_DESCRIPTION OF THE TASK:_
Below is a listing with pictures in it; transcribe exactly the lines from the one that has "Tek Büyük Yataklı Oda (1 Extra Bed)" through the one that has "Toyota Corolla Verso AR10 Ignition lock", and omit those pictures.

_RECORDS TO USE:_
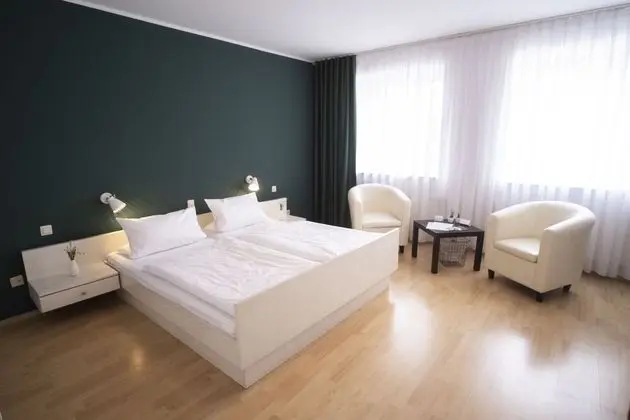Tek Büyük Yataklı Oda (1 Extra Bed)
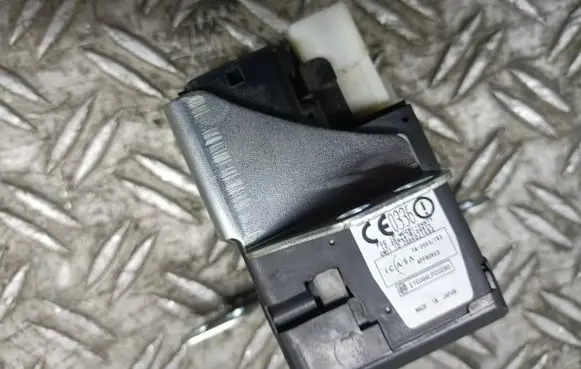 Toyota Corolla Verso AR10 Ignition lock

* * *

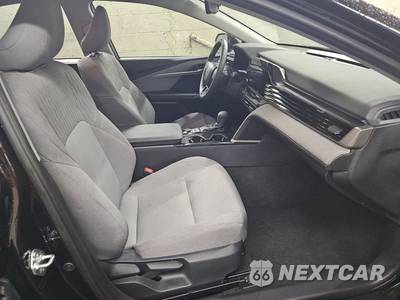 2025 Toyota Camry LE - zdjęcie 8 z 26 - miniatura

_ANSWER SECTION:_
Tek Büyük Yataklı Oda (1 Extra Bed)
 Toyota Corolla Verso AR10 Ignition lock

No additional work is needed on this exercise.